──────── Dataset content

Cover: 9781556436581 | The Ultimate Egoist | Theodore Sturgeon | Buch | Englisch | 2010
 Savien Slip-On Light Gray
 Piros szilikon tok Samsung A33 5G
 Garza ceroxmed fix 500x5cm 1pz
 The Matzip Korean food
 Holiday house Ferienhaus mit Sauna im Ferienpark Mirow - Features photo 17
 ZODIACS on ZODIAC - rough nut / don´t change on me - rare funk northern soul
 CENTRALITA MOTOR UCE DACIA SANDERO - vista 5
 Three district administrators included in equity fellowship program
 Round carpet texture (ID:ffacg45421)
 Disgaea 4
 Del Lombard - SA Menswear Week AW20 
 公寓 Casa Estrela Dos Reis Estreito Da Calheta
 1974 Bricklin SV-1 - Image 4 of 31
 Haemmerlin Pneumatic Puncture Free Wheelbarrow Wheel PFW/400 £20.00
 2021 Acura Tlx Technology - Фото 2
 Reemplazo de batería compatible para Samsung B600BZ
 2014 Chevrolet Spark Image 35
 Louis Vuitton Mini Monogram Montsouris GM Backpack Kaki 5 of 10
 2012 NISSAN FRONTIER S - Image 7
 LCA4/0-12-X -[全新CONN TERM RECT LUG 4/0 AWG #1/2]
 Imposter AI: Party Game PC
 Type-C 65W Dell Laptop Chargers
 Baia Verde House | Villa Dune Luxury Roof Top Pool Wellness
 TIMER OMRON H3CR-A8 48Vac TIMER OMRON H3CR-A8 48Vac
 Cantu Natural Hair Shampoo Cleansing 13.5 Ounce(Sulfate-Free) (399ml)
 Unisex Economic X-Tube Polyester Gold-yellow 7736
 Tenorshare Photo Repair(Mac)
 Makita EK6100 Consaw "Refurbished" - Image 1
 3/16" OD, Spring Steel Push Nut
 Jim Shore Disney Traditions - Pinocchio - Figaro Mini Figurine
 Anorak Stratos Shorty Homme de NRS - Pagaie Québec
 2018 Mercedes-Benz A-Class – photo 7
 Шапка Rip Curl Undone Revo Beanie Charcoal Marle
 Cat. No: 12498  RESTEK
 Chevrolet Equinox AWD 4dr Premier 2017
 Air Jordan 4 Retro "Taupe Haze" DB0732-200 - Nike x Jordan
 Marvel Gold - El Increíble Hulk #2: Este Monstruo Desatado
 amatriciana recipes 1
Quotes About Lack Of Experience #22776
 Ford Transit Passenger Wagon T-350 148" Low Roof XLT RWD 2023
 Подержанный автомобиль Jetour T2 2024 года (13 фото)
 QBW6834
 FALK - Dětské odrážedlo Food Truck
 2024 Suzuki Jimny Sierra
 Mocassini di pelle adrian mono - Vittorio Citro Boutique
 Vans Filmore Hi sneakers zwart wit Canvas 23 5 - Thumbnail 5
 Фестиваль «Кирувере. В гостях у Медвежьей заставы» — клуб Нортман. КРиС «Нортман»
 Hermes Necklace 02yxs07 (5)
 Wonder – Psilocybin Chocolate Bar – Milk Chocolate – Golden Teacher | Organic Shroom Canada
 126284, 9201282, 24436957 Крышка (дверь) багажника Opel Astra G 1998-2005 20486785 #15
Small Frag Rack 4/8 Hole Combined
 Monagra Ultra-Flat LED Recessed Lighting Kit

────────────────

Locate the lines above that contain "Image" and copy them.

**Output of the exercise**
 1974 Bricklin SV-1 - Image 4 of 31
 2014 Chevrolet Spark Image 35
 2012 NISSAN FRONTIER S - Image 7
 Makita EK6100 Consaw "Refurbished" - Image 1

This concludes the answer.